3. Control test may use their own source emitter and apparatus to condition particles before entering the starting point of the Experiment.
4. The Experiment may not be altered in any way from the point particles enter the Experiment starting point through deflector to final detection.
5. Clear Non-Violation control test must emit orthogonal or antiparallel particle pairs that are not correlated with nor have knowledge of Experiment's conditions after the starting point including deflector polarization angles.
6. Strong Violation control test may have full knowledge of Experiment's conditions including deflector polarization angles and the nature of apparatus that might rotate particle polarizations between starting point and deflector.
Recommendations for control tests:
1. Clear Non-Violation control test may be setup to generate clear non-violations by emitting classical clone particle pairs such that each new (orthogonal or antiparallel) particle pair is emitted pre-polarized to a known, randomly selected polarization axis.
2. Strong Violation control test may be setup to generate strong violations by emitting quantum analogs such that each new (orthogonal or antiparallel) particle pair is emitted pre-polarized such that one of the particles will have a polarization angle that exactly matches or exactly opposes its deflector angle at the time that the particle reaches the deflector.

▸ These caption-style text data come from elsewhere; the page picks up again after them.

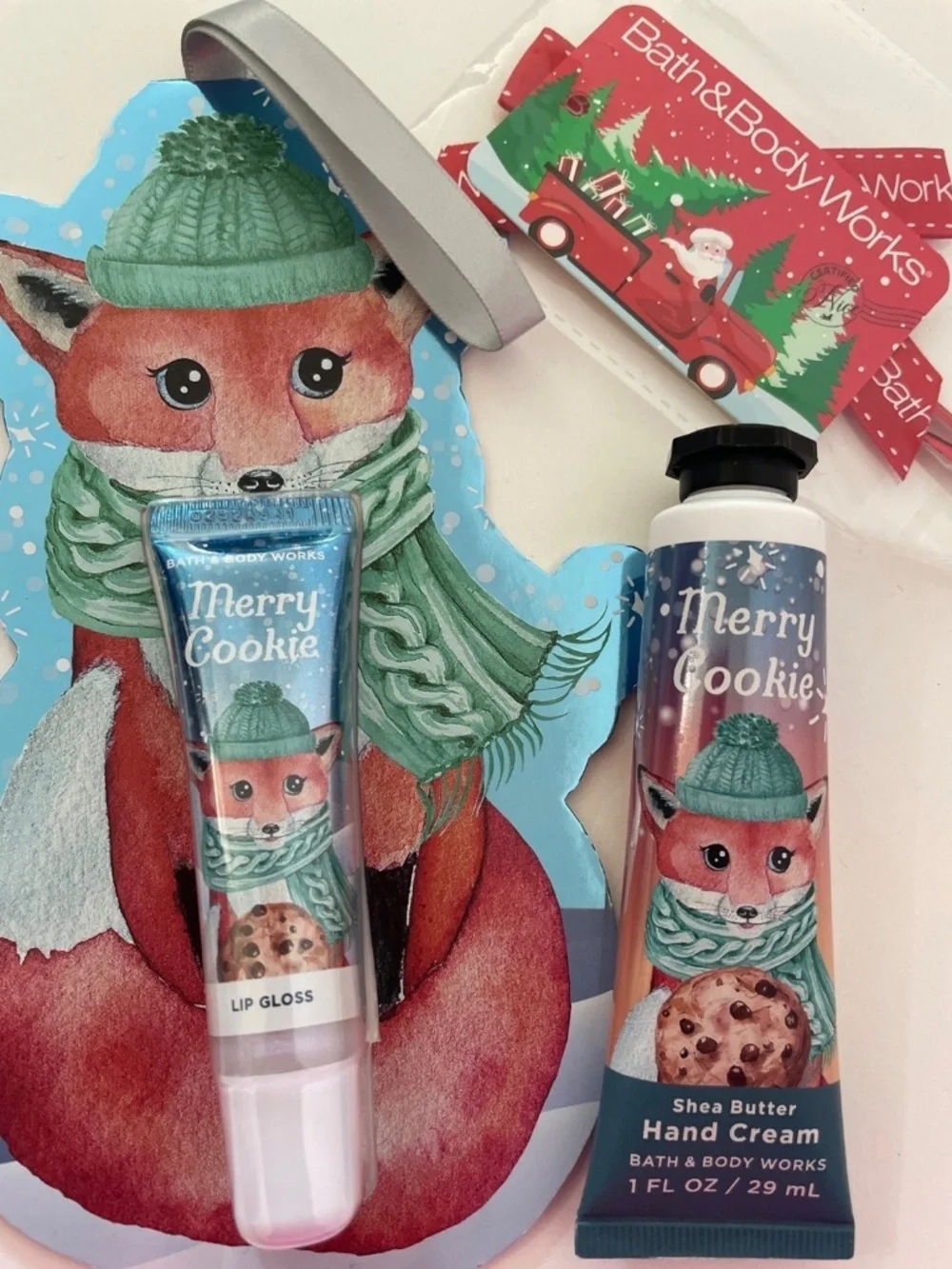 BBW Merry Cookie Lip Gloss & Hand Cream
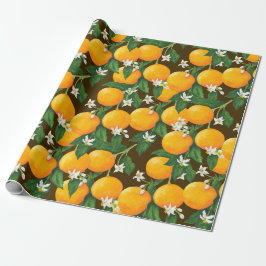 Papel De Regalo Naranjas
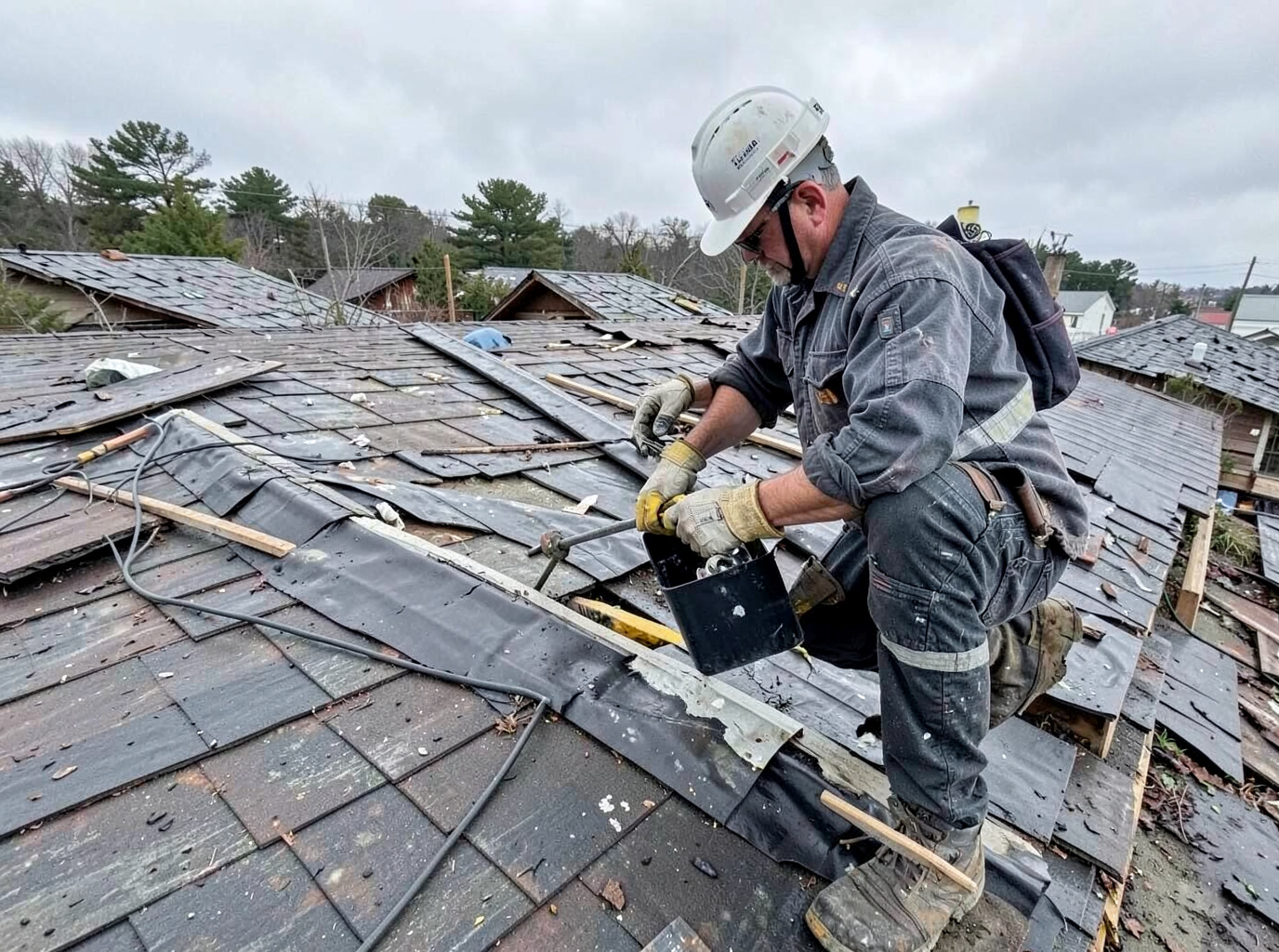 Storm Damage Roof Repair in Oshkosh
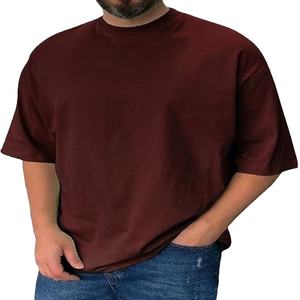 T-shirts pour hommes de haute qualité, nouvelle arrivée, design personnalisé sur le devant, 100% coton, motif uni, prix bas, service OEM, vente en gros - Product Image 4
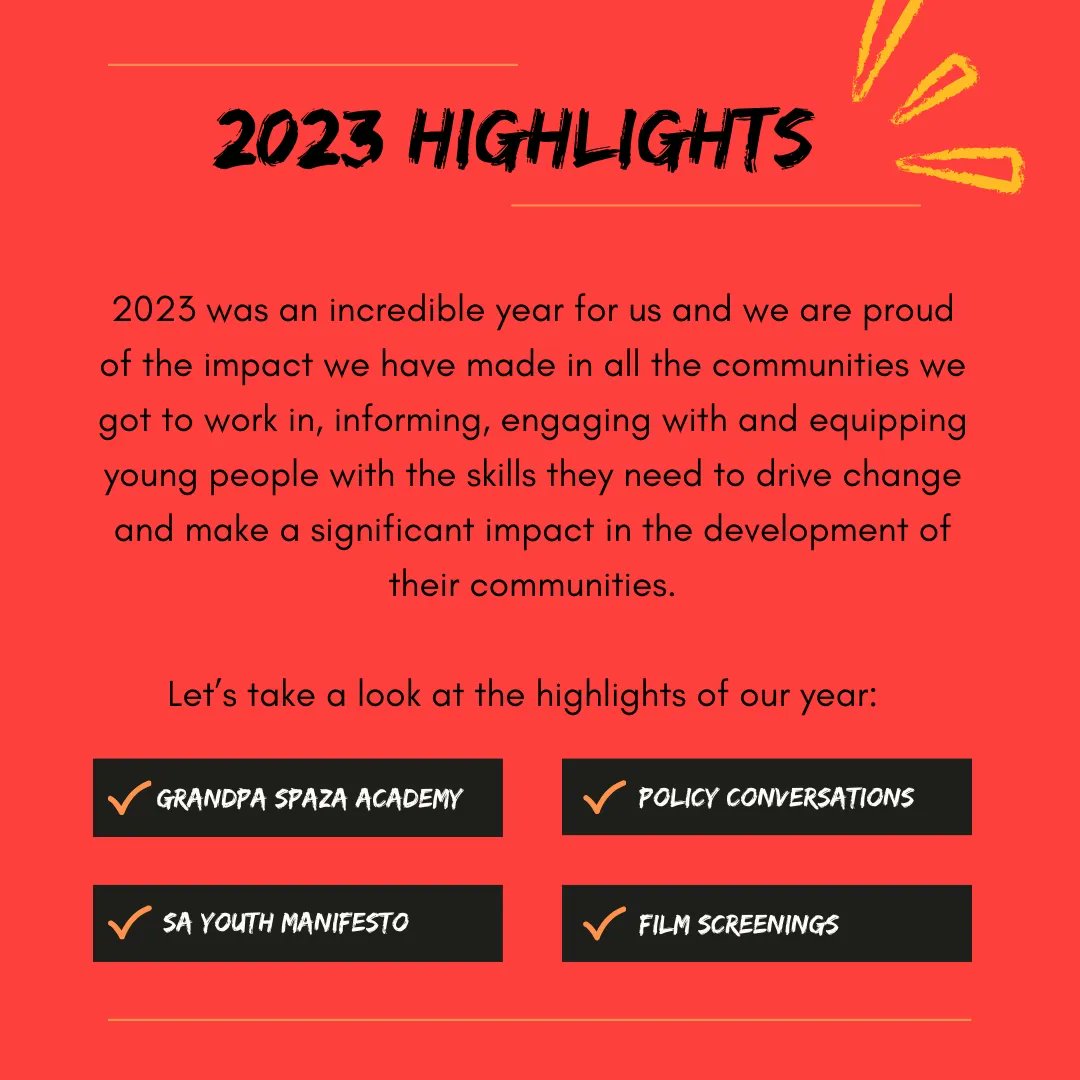 2024, let's go! We are back and ready for a yet another successful year. 2023 was an incredible year for us, and we are proud of the impact we made. This year, we look forward to continuing our mission to promote youth participation and grow youth capacity.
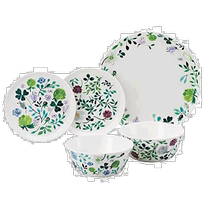 Japan direct mail (Japan direct mail) Narumi Narumi Frozen Flower Totem 5-piece tableware set 9660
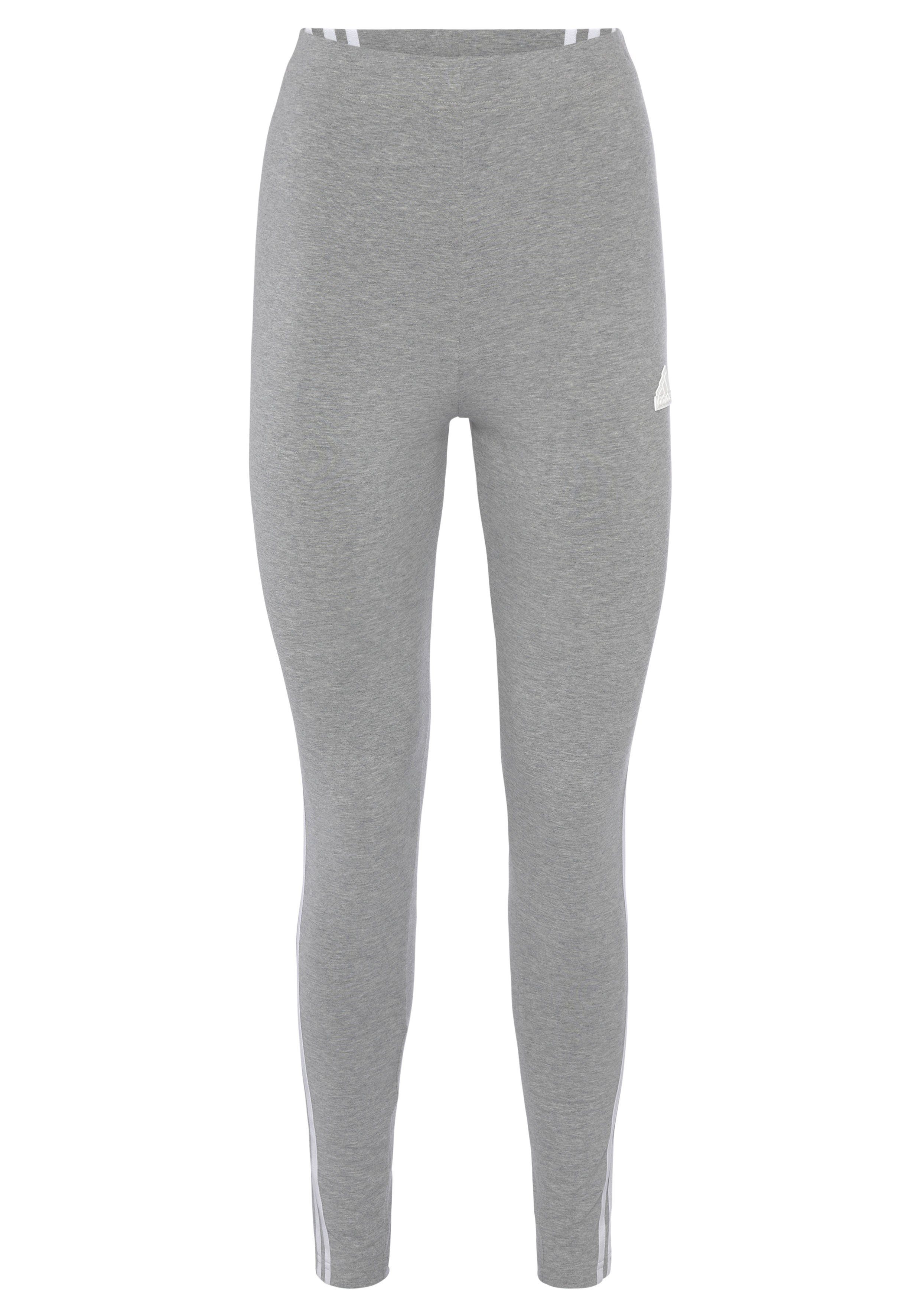Sportswear Heather adidas (1-tlg) Medium Leggings Grey FUTURE ICONS 3-STREIFEN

This may also require anticipating and correcting for any polarization rotation caused by the Experiment between starting point and deflector.
3. Control tests for biases should take precedence over exotic mechanisms to account for exotic loopholes. (Simplify the Experiment design if neccessary to accomidate control testing).
Experiments that meet control test requirements can be assumed to be able to return unbiased results that settle the EPR question. Experimental Violation of Bell's Inequalities indicates a win for Quantum Philosophy. Non-Violation of Bell's Inequalities indicates a win for Classical Philosophy.
Bell's Inequalities is a test to determine the true nature of the very small [25]. Are properties of fundamental particles (like polarity and spin) random until measured as Quantum Mechanics (QM) argues? Or do particles have specific properties (like polarity and spin) before they are measured, as Einstein Podolsky and Rosen (EPR) argue? Computer simulations [13] of CHSH/Eberhart tests appear to confirm that Bell's Inequality tests can conclusively detect the difference between QM vs EPR modeled reality. (Quantum [QM] models clearly violate Bell's Inequalities and classical [EPR] models clearly do not). However, computer simulations of classical particles can also be made to clearly and strongly violate Bell' Inequalities, mimicking quantum modeled results.
False violations can occure from selectively filtering out photons or electrons based on how their initial polarity or spin angles compare to the polarity angle of its Polarizing Beam Splitter (PBS) or magnetic field deflector. Malus Loss favors loss of particles with "intermediate angles" (niether parallel to nor opposite of the deflector, refered to as "intermediate angles" in J.S.Bell's Bertlmann's Socks paper [25]).
False violations can also occur without loss, if non-Bell Violating polarization or spin angles ("intermediae angles") are Rotated toward Bell violating polarization or spin angles (parallel or opposite of deflectors).
Control tests may be used to detect false Bell violations caused by known or unknown effects on classical particles. Control tests involve sending classic particles through the test, emitted with pre-defined polarity or spin angles designed to violate or not violate, proving the experiment is capable of both, is not fundamentally flawed and appears to be free of known or unknown biases.
Talks (schedule), starting at 16 CET time:
16:00 Marc Fleury, Review of Isolation achieved in the Aspect and Zeilinger experiments. The case of standing waves (blog)
16:30 Richard Gill, Myths and misunderstandings. Bell’s “Reply to critics” said it all (article)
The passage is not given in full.